Additionally, Defra has commissioned independent research into various food waste treatment technologies to better understand their environmental implications. This ongoing review may influence future policy direction, so businesses should keep an eye on potential updates.
In summary, while macerators are not currently banned in England, their use should align with waste hierarchy principles and not replace proper food waste separation and recycling efforts.
What is the best way to manage liquid food waste?
The most appropriate method for handling liquid food waste will vary depending on your business setup, so it’s essential to begin by consulting your waste collection provider for tailored guidance.
As a general rule, preventing food waste at the source is always the top priority. If waste cannot be avoided, the next best steps are to redistribute surplus food for human consumption or consider its use as animal feed, provided it meets the necessary safety and regulatory standards.
Only when these upper-tier options have been exhausted should liquid food waste be treated as waste for disposal or recycling. In such cases, your waste collector can help ensure it is managed in full compliance with Simpler Recycling regulations, including whether separate collection is required or whether specialist treatment is necessary based on the composition of the waste.
By engaging early with a licensed waste contractor and adhering to the food and drink waste hierarchy, businesses can ensure they remain compliant while also supporting more sustainable waste practices.
Are Fats, Oils, and Greases (FOGs) included in the food waste requirements?
Yes – under The Separation of Waste (England) Regulations 2024, Fats, Oils, and Greases (commonly referred to as FOGs) are considered a form of food waste. Specifically, they are classified as “biodegradable material resulting from the processing or preparation of food.”
This means that workplaces must manage FOGs in line with the new Simpler Recycling rules, ensuring they are not disposed of through residual waste or down the drain – which could lead to sewer blockages and legal issues.
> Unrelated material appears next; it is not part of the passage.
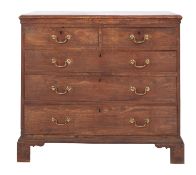 A George III stained exotic hardwood, possibly Chinese elm, chest of drawers,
For businesses such as those in the hospitality or catering sectors, where cooking oils and fats are generated in higher volumes, your waste collector may advise setting up a separate collection service specifically for used oils. In many cases, commercial oil collections can be cost-neutral or even financially beneficial, as used cooking oil is a valuable feedstock for biofuel production and often attracts rebates from waste contractors.
As always, it’s important to liaise directly with your waste service provider to ensure your handling of FOGs is compliant, environmentally responsible, and tailored to the volume your business produces.